- **What is being asked**: In the material below, the lines between the one holding "Lampwork Beads, Frosted" and the one holding "Chinese Porcelain PROC", inclusive, are to be set down word for word. Pictures stay out.

- **Provided records**:
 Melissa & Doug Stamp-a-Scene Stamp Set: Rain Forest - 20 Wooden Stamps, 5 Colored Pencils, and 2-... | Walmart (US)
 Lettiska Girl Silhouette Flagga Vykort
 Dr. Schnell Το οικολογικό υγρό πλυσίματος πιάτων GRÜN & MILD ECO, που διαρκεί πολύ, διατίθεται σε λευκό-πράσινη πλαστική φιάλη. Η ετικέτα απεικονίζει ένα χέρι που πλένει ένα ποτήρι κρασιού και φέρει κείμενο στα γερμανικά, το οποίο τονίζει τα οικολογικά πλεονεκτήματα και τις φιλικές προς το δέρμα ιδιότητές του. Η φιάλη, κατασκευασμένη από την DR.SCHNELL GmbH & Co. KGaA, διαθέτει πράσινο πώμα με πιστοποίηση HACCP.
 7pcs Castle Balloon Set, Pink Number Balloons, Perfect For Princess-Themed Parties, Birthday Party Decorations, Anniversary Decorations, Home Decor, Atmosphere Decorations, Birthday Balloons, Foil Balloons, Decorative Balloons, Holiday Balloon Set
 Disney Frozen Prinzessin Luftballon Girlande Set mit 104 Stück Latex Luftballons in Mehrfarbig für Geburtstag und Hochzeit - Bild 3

---

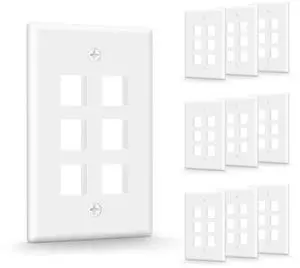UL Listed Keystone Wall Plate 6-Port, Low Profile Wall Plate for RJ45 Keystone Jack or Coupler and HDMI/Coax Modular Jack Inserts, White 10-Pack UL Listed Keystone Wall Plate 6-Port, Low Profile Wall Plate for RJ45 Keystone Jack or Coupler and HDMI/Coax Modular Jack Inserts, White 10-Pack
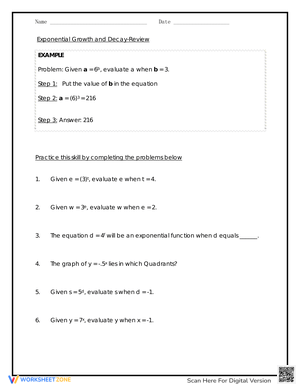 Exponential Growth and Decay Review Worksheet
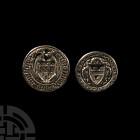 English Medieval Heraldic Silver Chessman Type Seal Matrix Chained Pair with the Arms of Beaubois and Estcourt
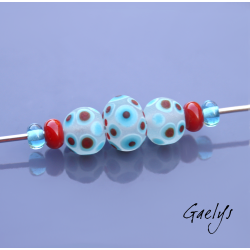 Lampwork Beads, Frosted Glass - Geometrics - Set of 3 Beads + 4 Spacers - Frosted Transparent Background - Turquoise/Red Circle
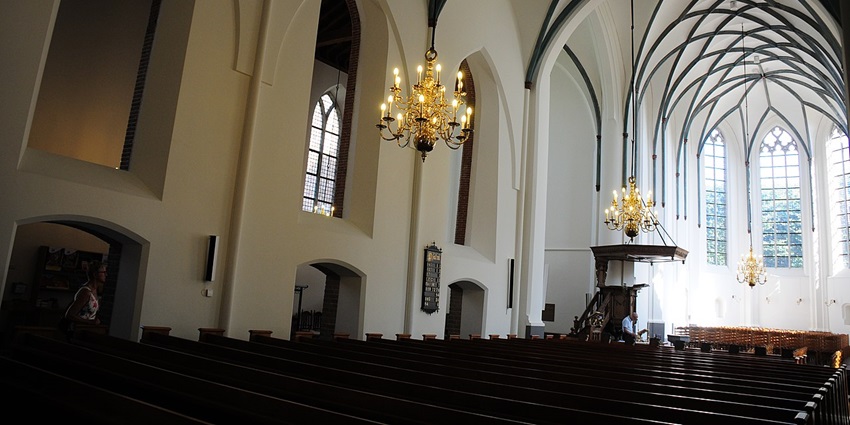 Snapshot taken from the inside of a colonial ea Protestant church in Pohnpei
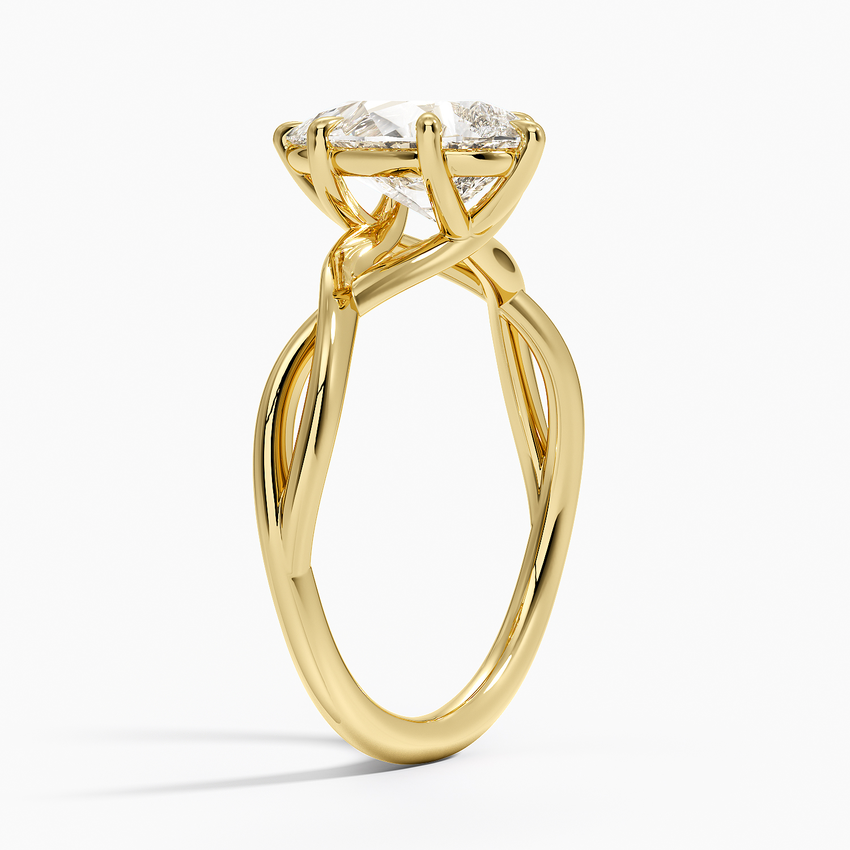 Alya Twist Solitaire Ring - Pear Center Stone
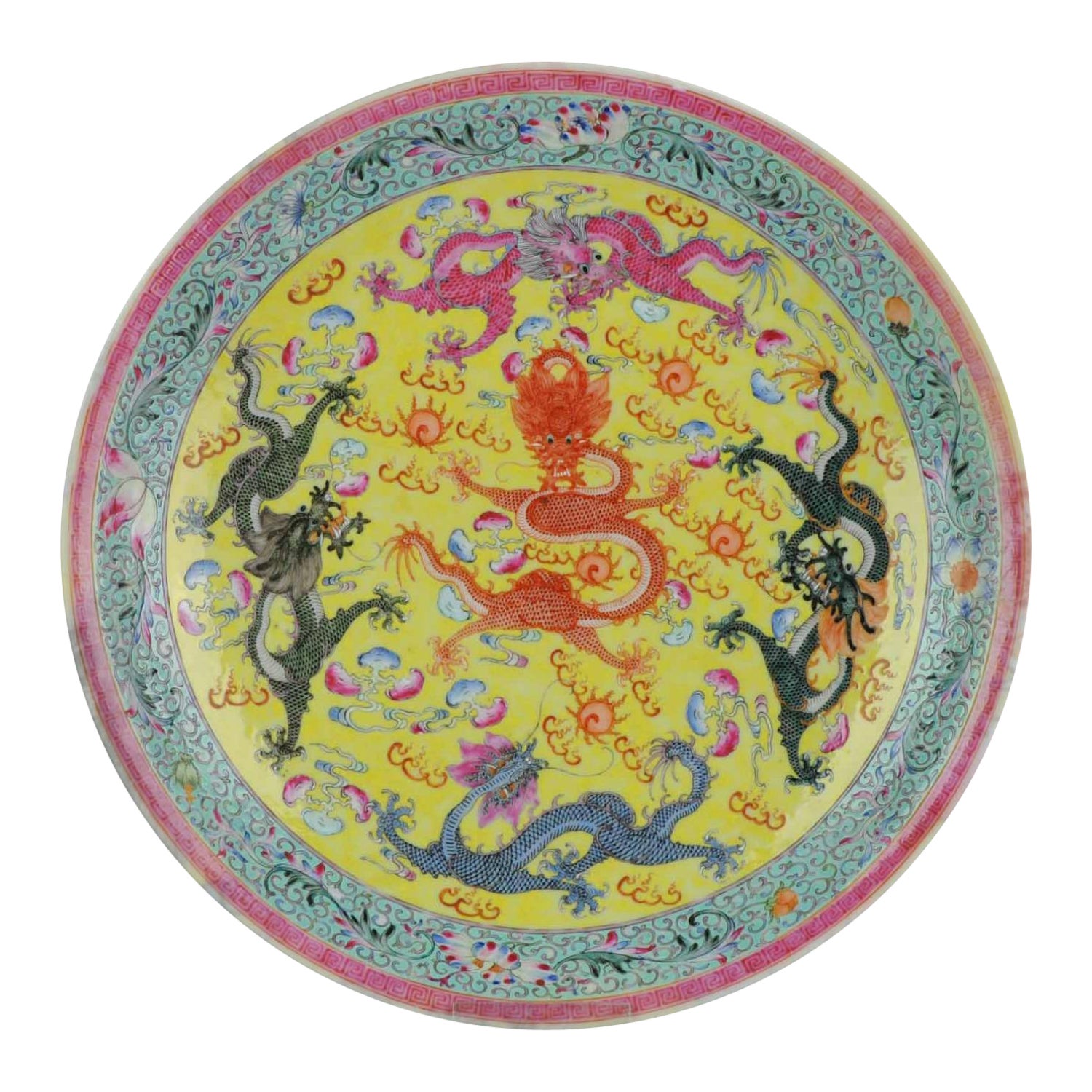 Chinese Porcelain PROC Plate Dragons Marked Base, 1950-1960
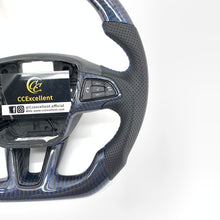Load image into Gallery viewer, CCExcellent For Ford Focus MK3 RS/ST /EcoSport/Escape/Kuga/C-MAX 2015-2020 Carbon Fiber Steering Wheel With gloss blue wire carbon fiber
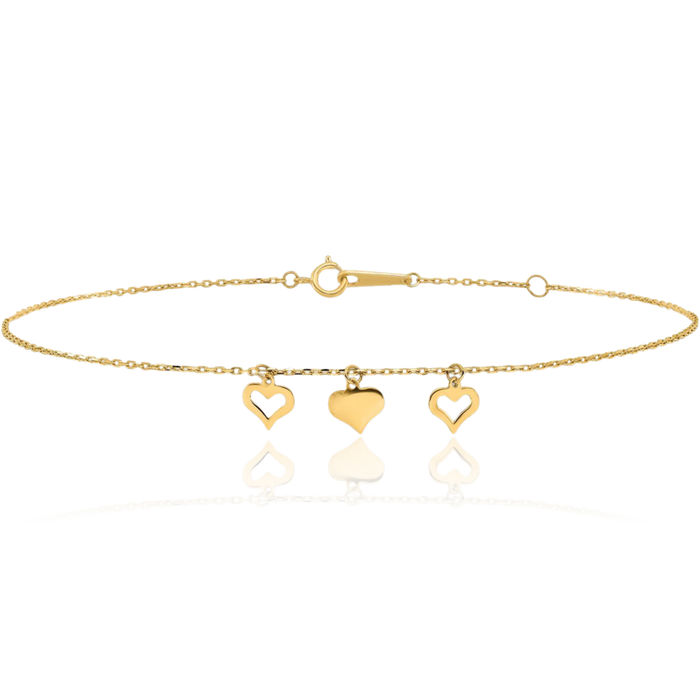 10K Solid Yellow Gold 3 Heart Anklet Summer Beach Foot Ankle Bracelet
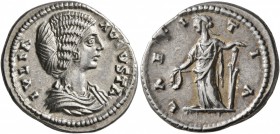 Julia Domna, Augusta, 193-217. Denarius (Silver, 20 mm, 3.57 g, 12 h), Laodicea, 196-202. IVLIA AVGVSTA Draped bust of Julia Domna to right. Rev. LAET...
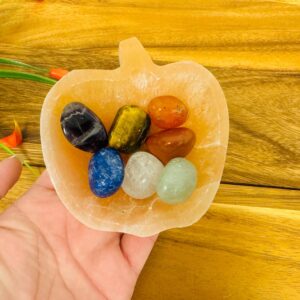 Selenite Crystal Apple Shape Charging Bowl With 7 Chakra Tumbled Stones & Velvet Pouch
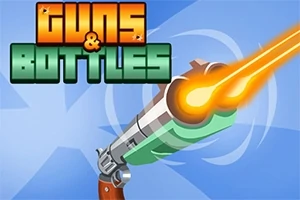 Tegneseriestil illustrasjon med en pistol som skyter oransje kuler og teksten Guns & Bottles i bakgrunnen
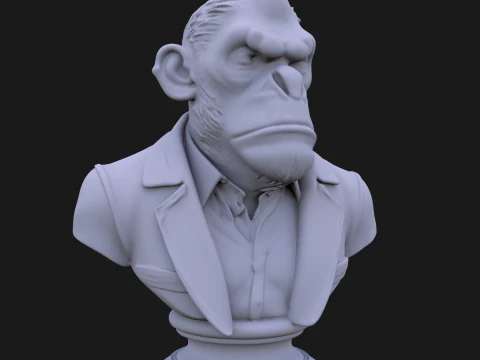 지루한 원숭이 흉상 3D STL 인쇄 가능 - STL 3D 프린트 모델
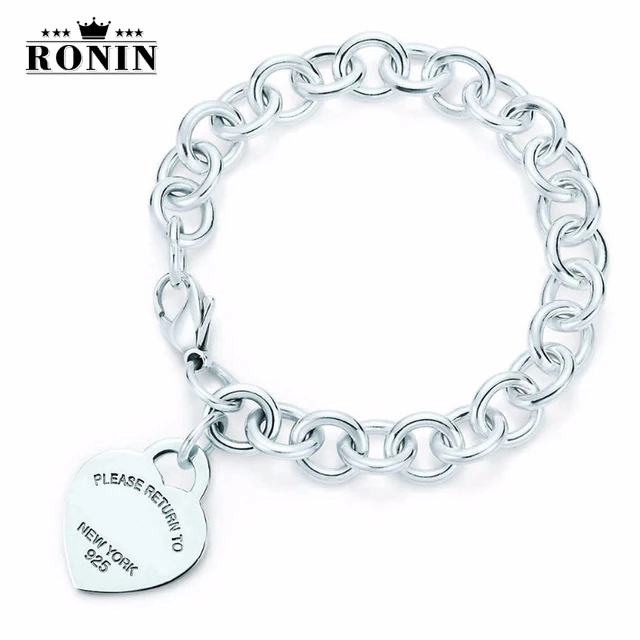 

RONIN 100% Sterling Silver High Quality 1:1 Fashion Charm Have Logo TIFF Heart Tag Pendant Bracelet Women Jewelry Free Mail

--

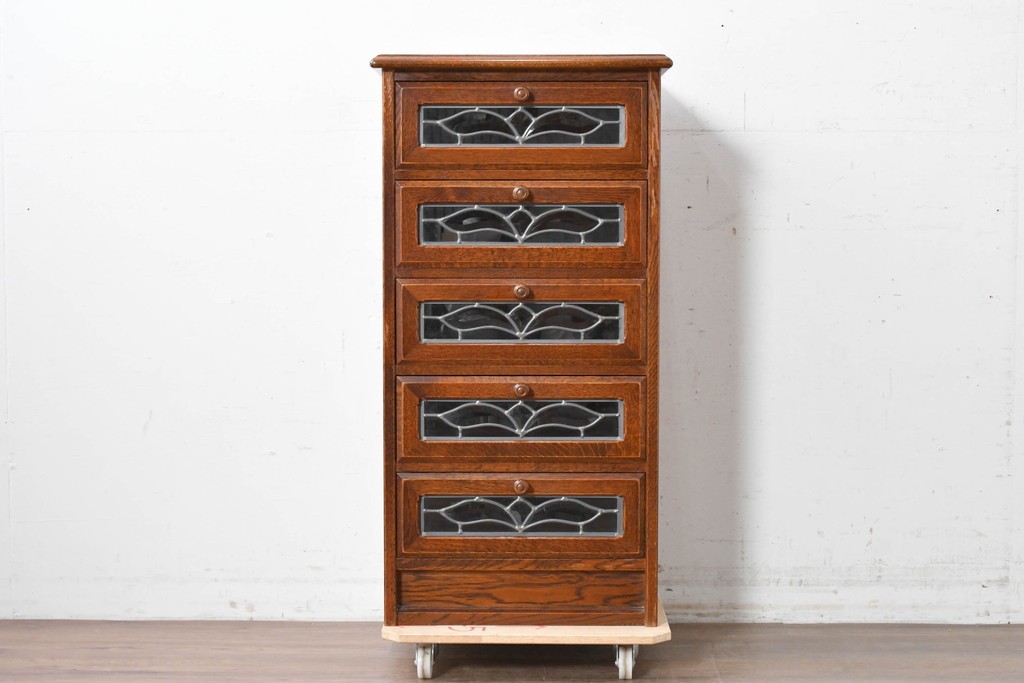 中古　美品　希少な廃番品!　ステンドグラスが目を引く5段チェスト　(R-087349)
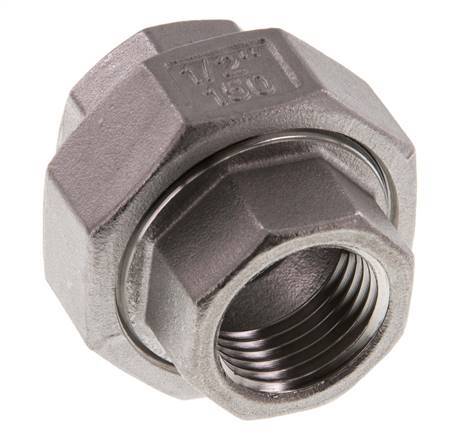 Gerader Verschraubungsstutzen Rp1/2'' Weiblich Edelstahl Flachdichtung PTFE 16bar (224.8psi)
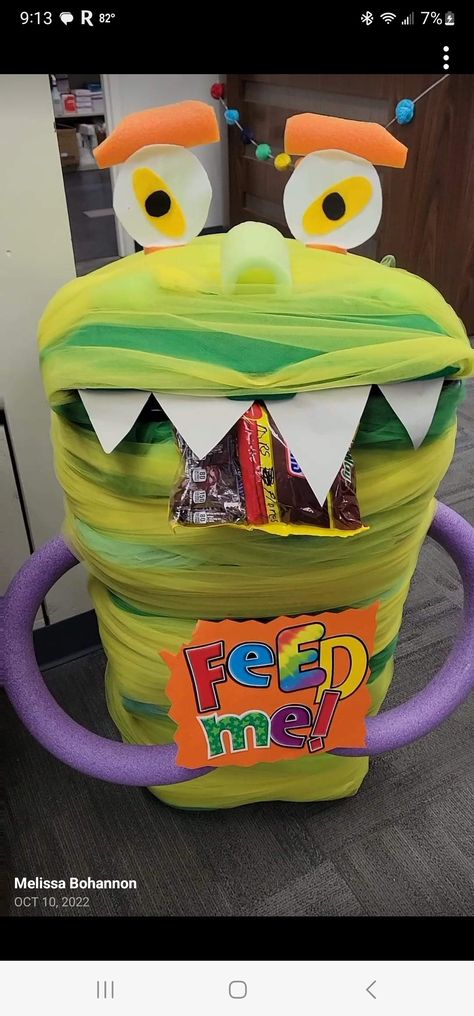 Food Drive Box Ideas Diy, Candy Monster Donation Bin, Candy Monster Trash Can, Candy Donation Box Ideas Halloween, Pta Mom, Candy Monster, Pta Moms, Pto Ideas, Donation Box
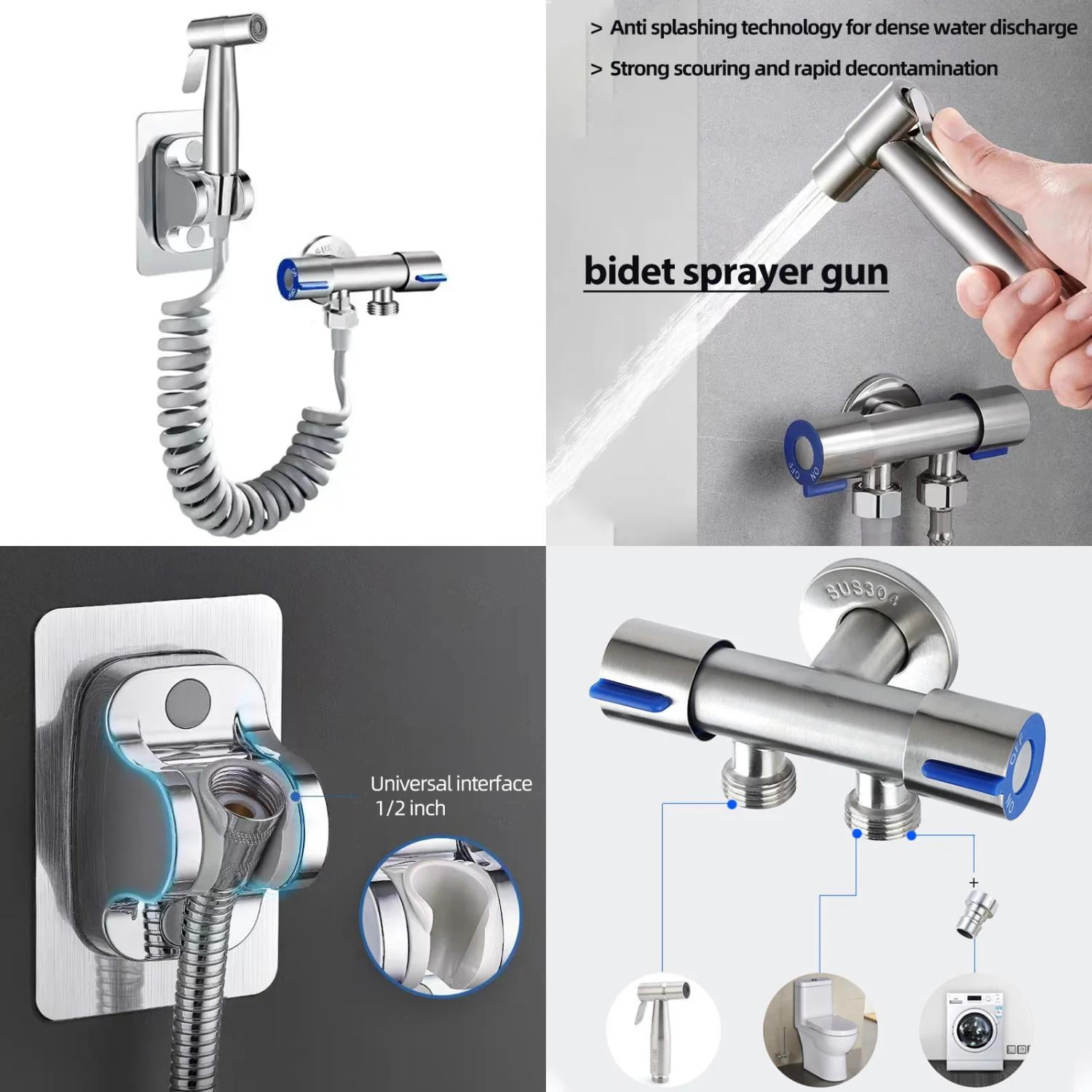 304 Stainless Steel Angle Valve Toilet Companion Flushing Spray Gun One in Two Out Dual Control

- **Output for this exercise**:
 Lampwork Beads, Frosted Glass - Geometrics - Set of 3 Beads + 4 Spacers - Frosted Transparent Background - Turquoise/Red Circle
 Snapshot taken from the inside of a colonial ea Protestant church in Pohnpei
 Alya Twist Solitaire Ring - Pear Center Stone
 Chinese Porcelain PROC Plate Dragons Marked Base, 1950-1960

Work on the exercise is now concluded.